Ojciec Grzegorz Sroka
Franciszkanin Grzegorz Sroka, znany polski zielarz, zmarł w piątek w Rychwałdzie koło Żywca w wieku 76 lat. Pogrzeb zakonnika odbędzie się w środę w rychwałdzkim sanktuarium maryjnym.
Ojciec Grzegorz doznał rozległego zawału serca. Mimo natychmiastowej pomocy nie udało się go uratować.
- Do końca był aktywny. Mimo swojego wieku nie oszczędzał się i dużo pracował. Czasami skarżył się jedynie na nerki, ale umarł na rozległy zawał serca - powiedział przełożony klasztoru ojciec Radosław Kramarski
W pogrzebie weźmie udział ordynariusz diecezji bielsko-żywieckiej biskup Tadeusz Rakoczy oraz ordynariusz krakowskiej prowincji franciszkanów ojciec Kazimierz Malinowski. Udział w ceremonii zapowiedział także zaprzyjaźniony z klasztorem 18. Bielski Batalion Desantowo-Szturmowy Wojska Polskiego.

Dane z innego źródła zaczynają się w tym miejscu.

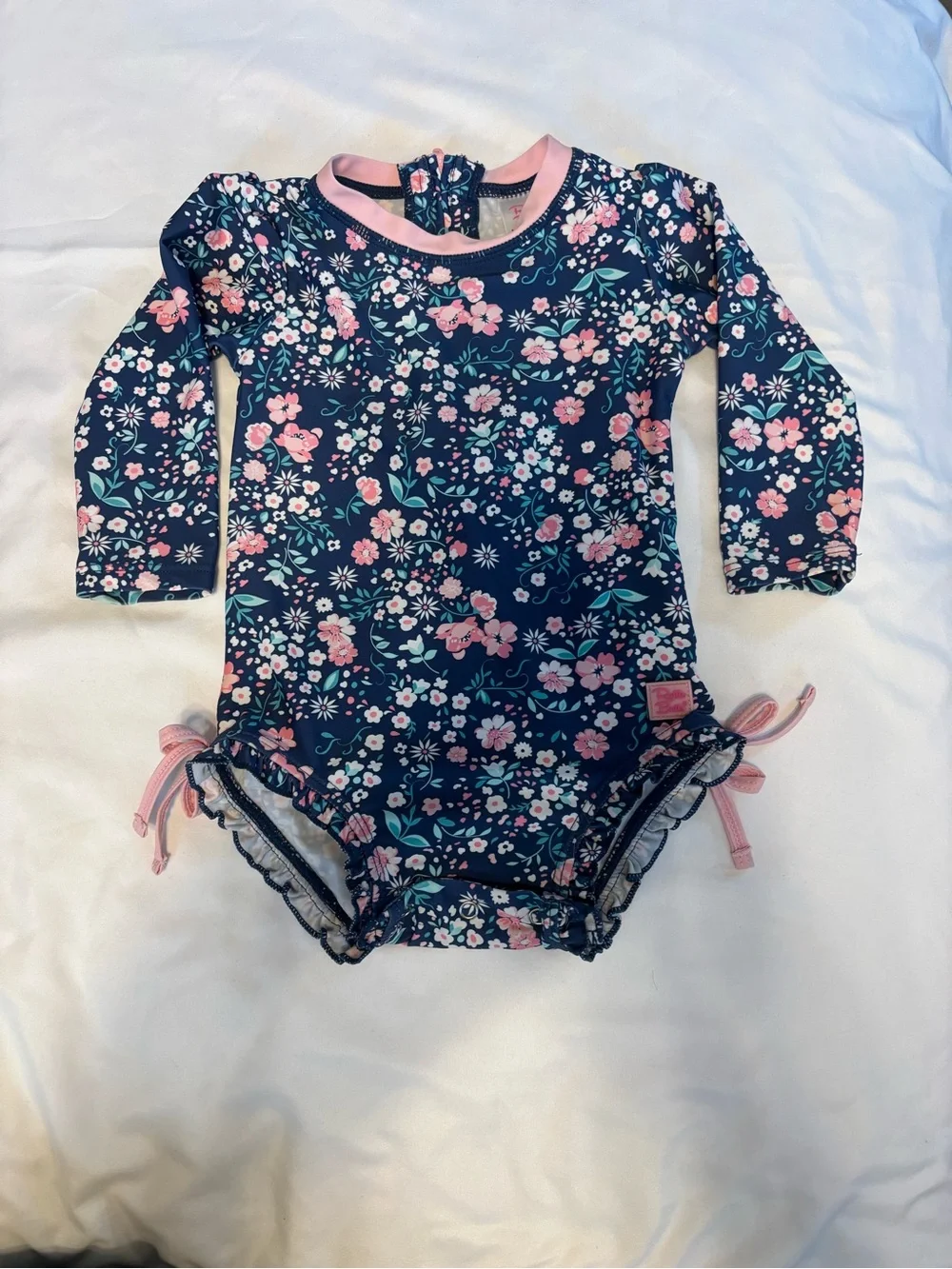 Ruffle Butts Navy Floral Long-Sleeve One-Piece with Pink Trim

Ojciec Grzegorz (Franciszek) Sroka urodził się 21 września 1930 roku w Gorliczynie. Do Zakonu Franciszkanów wstąpił w 1953 roku. 21 czerwca 1963 roku przyjął święcenia kapłańskie.
Ojciec Sroka od młodych lat interesował się ziołami. Był zdania, że zielarstwo może być znakomitym uzupełnieniem medycyny konwencjonalnej. Stworzył punkt zielarski w Rychwałdzie, w którym udzielił porad ponad 500 tysiącom cierpiących. Był autorem kilku poradników zielarskich i niekwestionowanym autorytetem w dziedzinie fitoterapii, czyli leczenia z zastosowaniem roślin leczniczych lub preparatami wykorzystującymi czynne biologicznie związki chemiczne zawarte w roślinach.